## SOURCE MATERIAL:
________________________
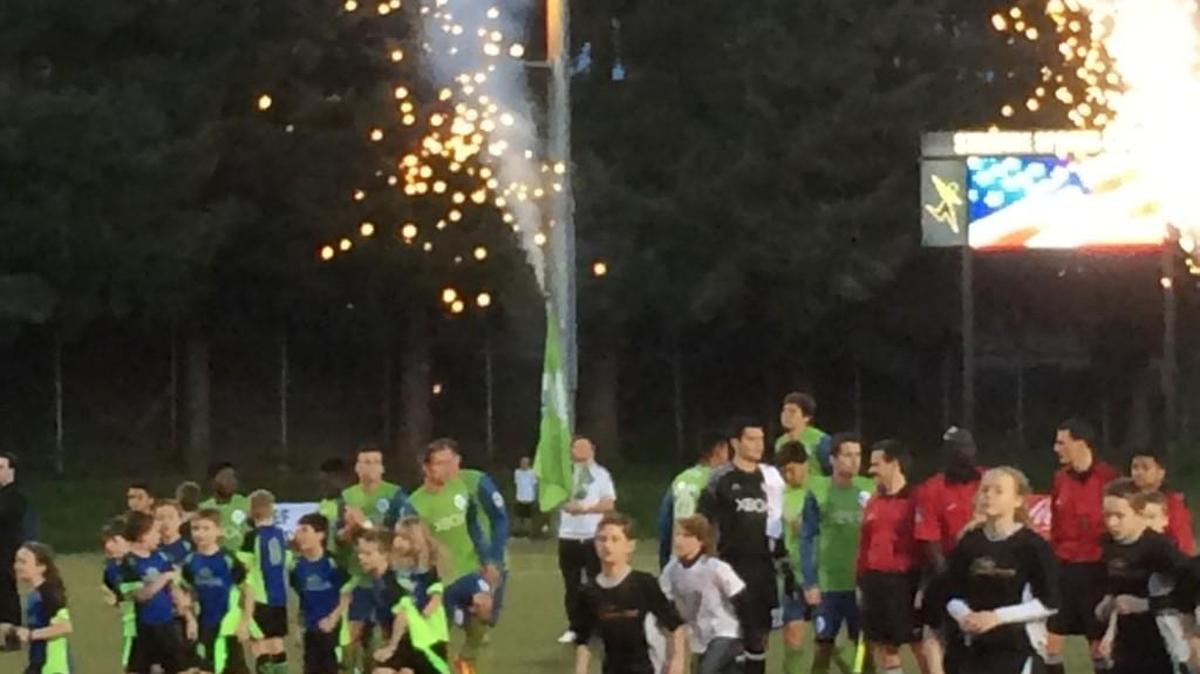 Fireworks after the anthem were part of the pregame festivities as Sounders 2 opened its second USL season Friday at Starfire Sports Stadium.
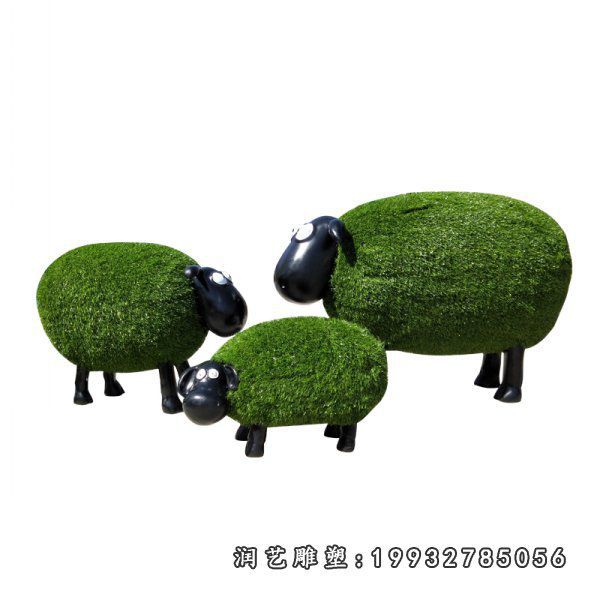 城市玻璃钢羊动物雕塑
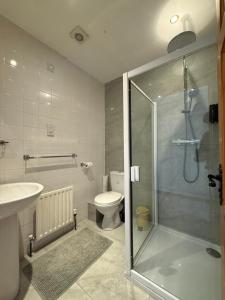 a bathroom with a shower and a toilet and a sink at Ashfield Bed & Breakfast in Belfast +53 photos
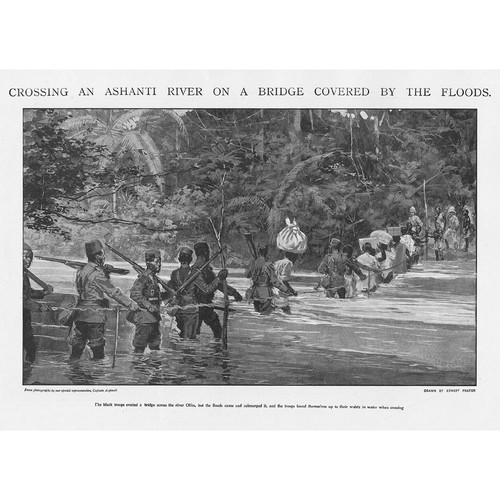 ASHANTI WAR Crossing a River on a Flood Covered Bridge - Antique Print 1900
________________________
## WORK REQUIRED:
Leave every picture out. Retype the remaining data exactly.

## RESULT:
 Fireworks after the anthem were part of the pregame festivities as Sounders 2 opened its second USL season Friday at Starfire Sports Stadium.
 城市玻璃钢羊动物雕塑
 a bathroom with a shower and a toilet and a sink at Ashfield Bed & Breakfast in Belfast +53 photos
 ASHANTI WAR Crossing a River on a Flood Covered Bridge - Antique Print 1900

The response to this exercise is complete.